> _Your goal_
From the records that follow, return exactly the lines beginning at the one that contains "7701048955, 7701064224" and ending at the one that contains "2020 BMW 7 Series 750i xDrive", pictures left out.

> _The input_
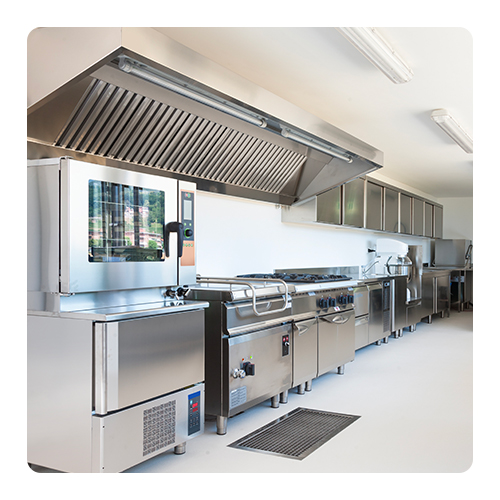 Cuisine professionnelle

---

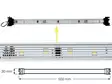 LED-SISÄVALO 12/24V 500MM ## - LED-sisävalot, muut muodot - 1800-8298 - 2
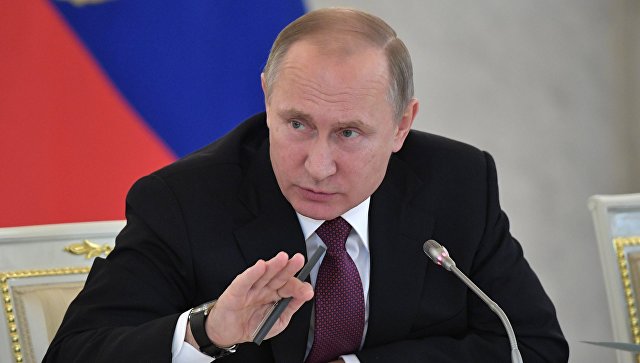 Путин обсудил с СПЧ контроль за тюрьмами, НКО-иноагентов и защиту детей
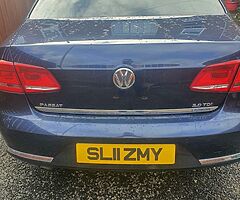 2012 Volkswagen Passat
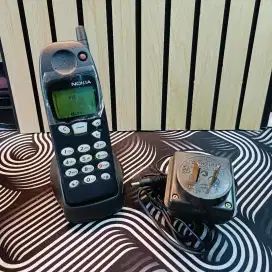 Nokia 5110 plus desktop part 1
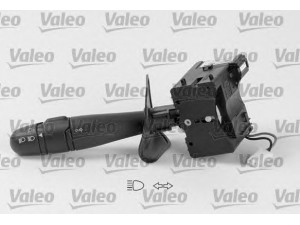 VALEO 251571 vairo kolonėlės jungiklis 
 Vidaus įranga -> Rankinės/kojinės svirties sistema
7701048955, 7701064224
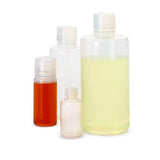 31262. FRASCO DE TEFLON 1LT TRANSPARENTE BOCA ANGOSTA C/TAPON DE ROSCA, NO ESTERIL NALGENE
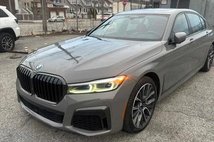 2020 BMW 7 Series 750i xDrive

> _Response for this exercise_
7701048955, 7701064224
 31262. FRASCO DE TEFLON 1LT TRANSPARENTE BOCA ANGOSTA C/TAPON DE ROSCA, NO ESTERIL NALGENE
 2020 BMW 7 Series 750i xDrive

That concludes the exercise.